Tra i riconoscimenti nazionali, la “Cantina italiana dell’anno 2026” è Silvano Bolmida di Monforte d’Alba (Cuneo), premiata per la coerenza stilistica e la profondità interpretativa del Barolo. Il titolo di “Cantina rivelazione dell’anno” va all’Azienda Agricola Mattè di Volano (Trento), fondata nel 2019 e segnalata per la personalità del Trentodoc e dei vini fermi autoctoni.
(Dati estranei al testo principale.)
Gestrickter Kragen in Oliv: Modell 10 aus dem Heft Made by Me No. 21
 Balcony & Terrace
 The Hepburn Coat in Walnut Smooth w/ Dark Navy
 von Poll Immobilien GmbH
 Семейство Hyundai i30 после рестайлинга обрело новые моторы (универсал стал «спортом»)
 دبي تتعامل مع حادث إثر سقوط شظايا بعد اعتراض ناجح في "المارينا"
Per il Nord Italia, la “Cantina dell’anno 2026” è Cantine Federici – La Baia del Sole di Luni (La Spezia), interprete dell’identità vitivinicola ligure, mentre la “Cantina rivelazione” è Cascina Rey di Asti, guidata da Monica Monticone. Nel Centro Italia, i riconoscimenti vanno a Podere La Regola di Riparbella (Pisa) come “Cantina dell’anno” e a Viandante del Cielo di Passignano sul Trasimeno (Perugia) come “Cantina rivelazione”. Nel Sud, la “Cantina dell’anno” è Caparra & Siciliani di Cirò Marina (Crotone), mentre la “rivelazione” è Baronia della Pietra di Alessandria della Rocca (Agrigento). Il titolo di “Cantina bio dell’anno” viene assegnato a Sequerciani di Gavorrano (Grosseto), azienda certificata Demeter per l’approccio biodinamico.